* [What needs to be done] With pictures omitted, copy exactly every line from the one that contains "Welcome home to" to the end of the listing below.
--------
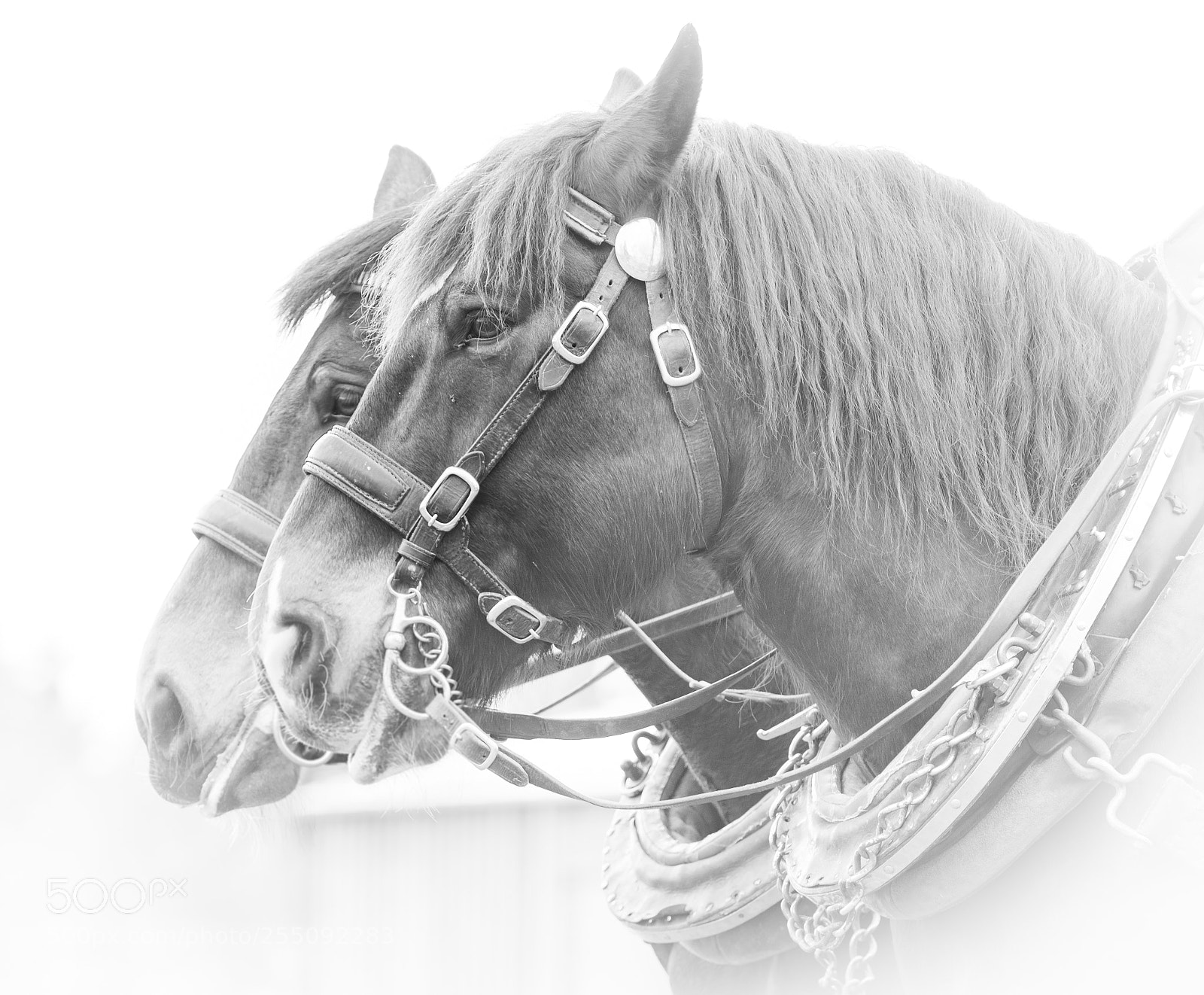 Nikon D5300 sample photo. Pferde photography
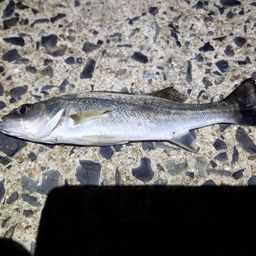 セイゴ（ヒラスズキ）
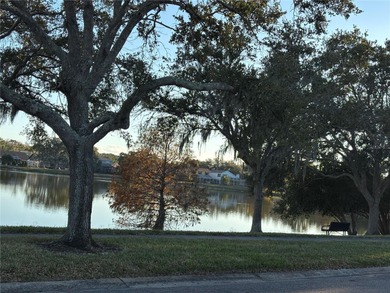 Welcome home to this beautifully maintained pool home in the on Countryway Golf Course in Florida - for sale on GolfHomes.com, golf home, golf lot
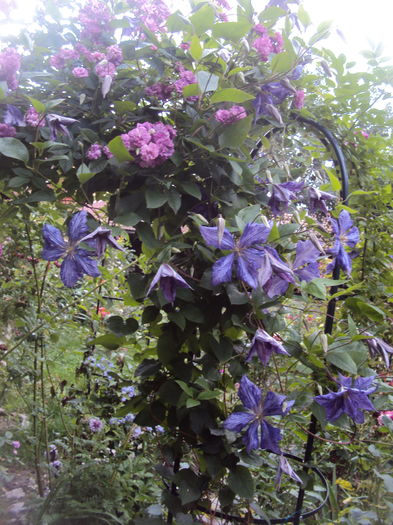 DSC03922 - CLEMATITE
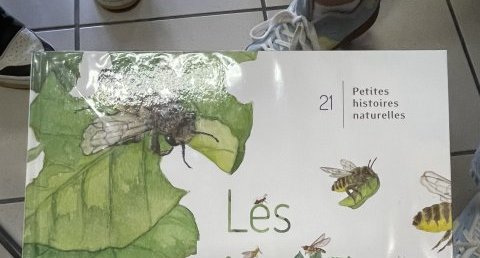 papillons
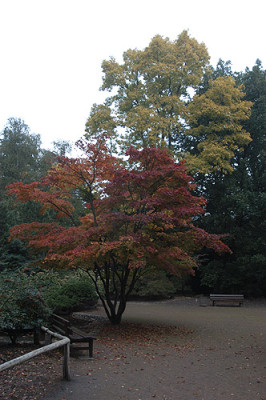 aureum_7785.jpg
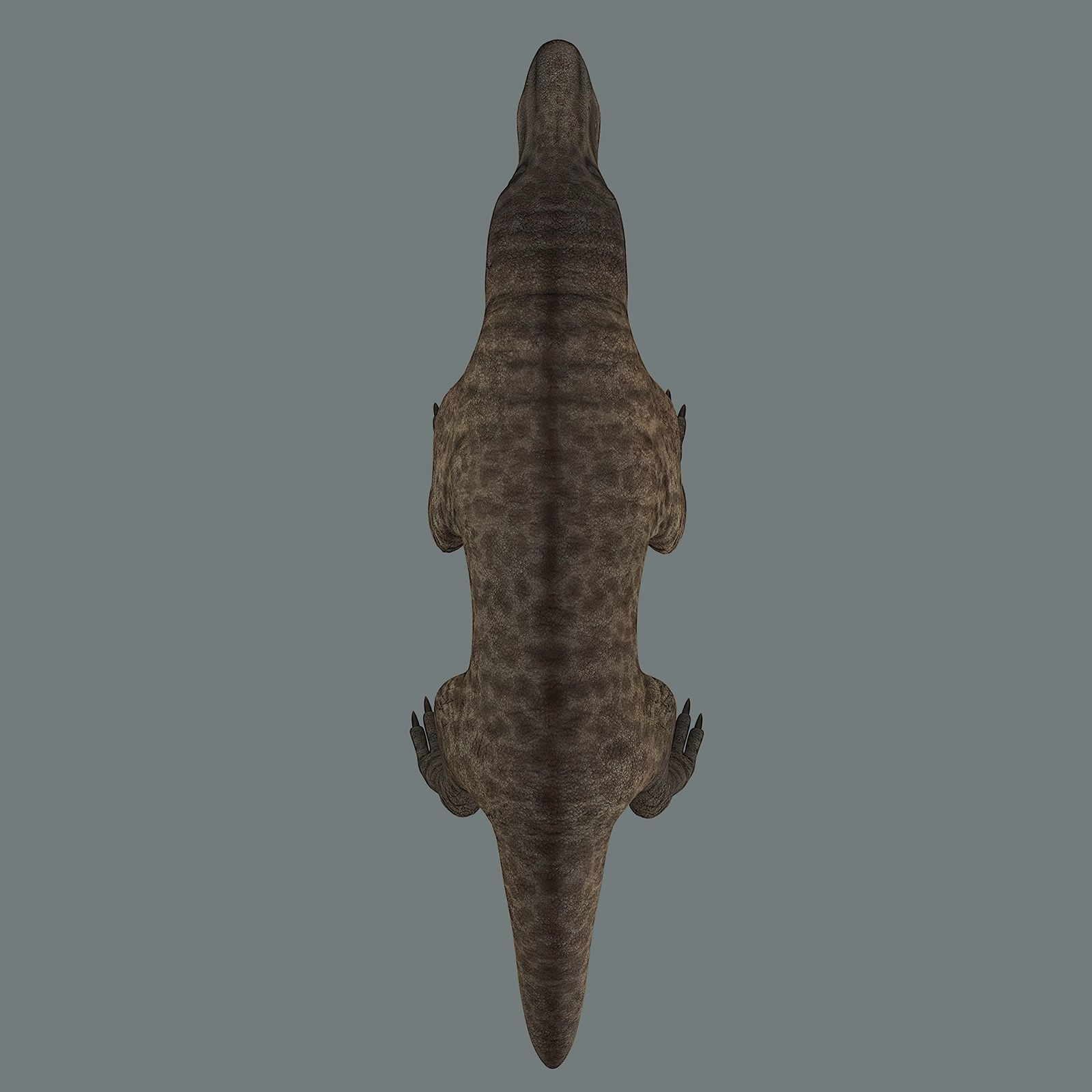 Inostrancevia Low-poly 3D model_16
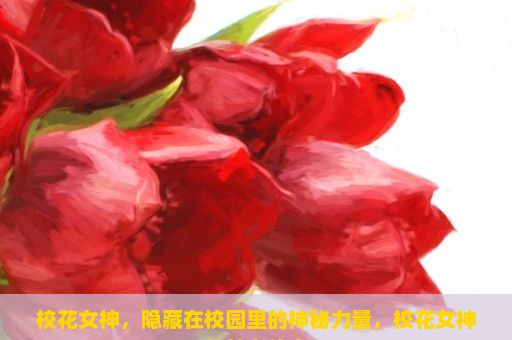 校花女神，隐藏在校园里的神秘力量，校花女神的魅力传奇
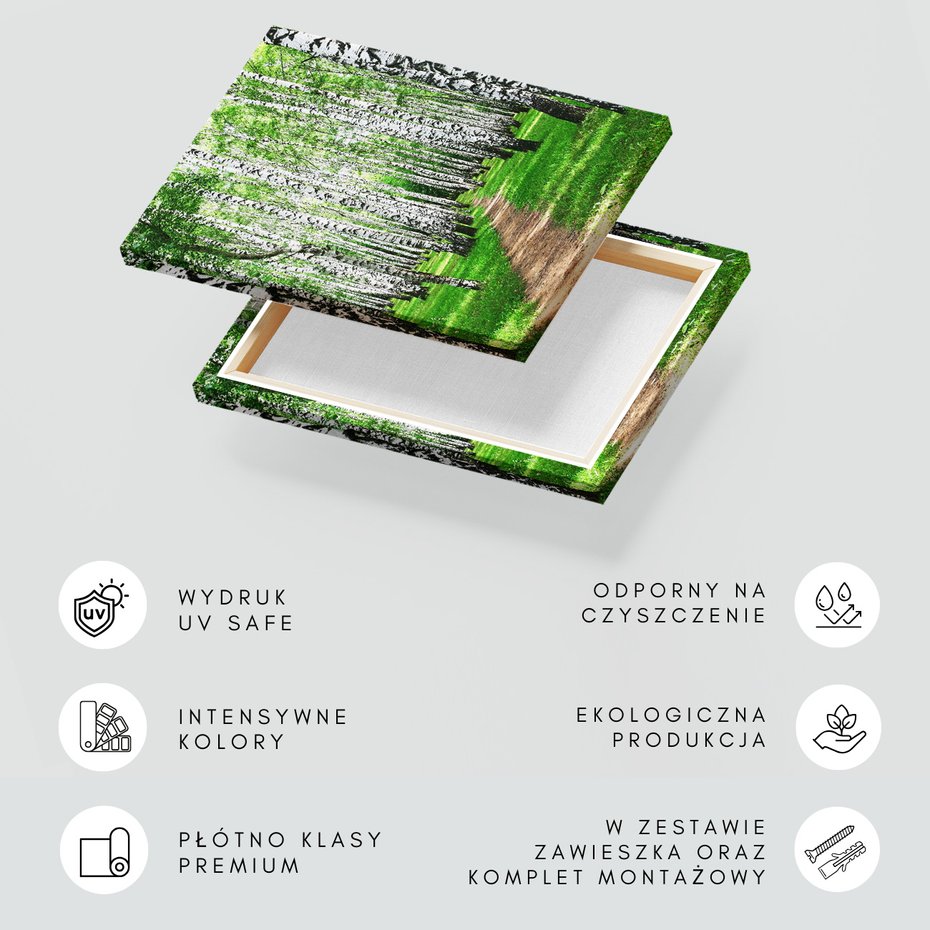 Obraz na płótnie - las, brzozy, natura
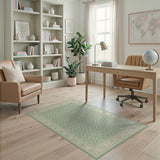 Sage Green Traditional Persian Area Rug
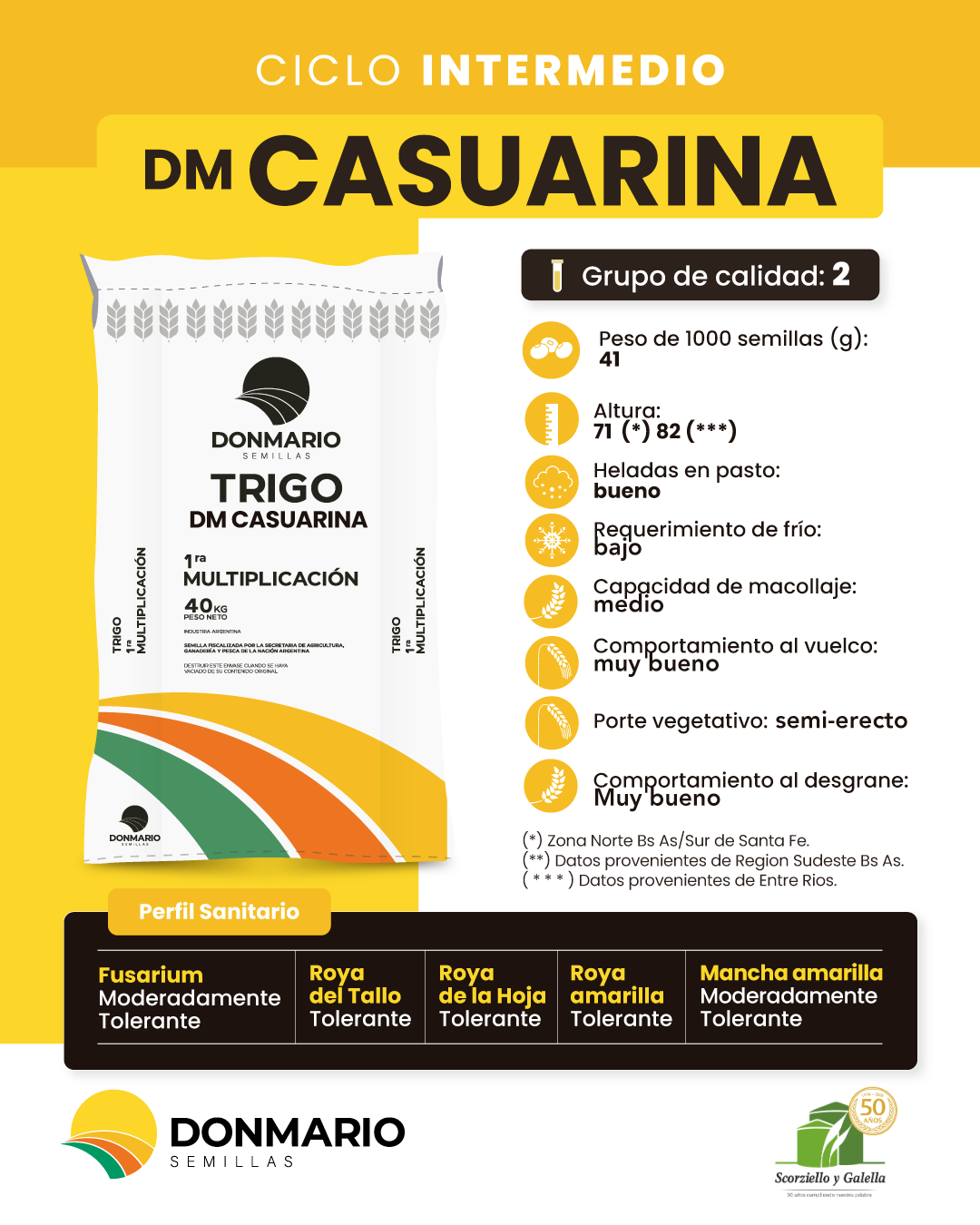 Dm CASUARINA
--------
* [Solution for this task]
 Welcome home to this beautifully maintained pool home in the on Countryway Golf Course in Florida - for sale on GolfHomes.com, golf home, golf lot
 DSC03922 - CLEMATITE
 papillons
 aureum_7785.jpg
 Inostrancevia Low-poly 3D model_16
 校花女神，隐藏在校园里的神秘力量，校花女神的魅力传奇
 Obraz na płótnie - las, brzozy, natura
 Sage Green Traditional Persian Area Rug
 Dm CASUARINA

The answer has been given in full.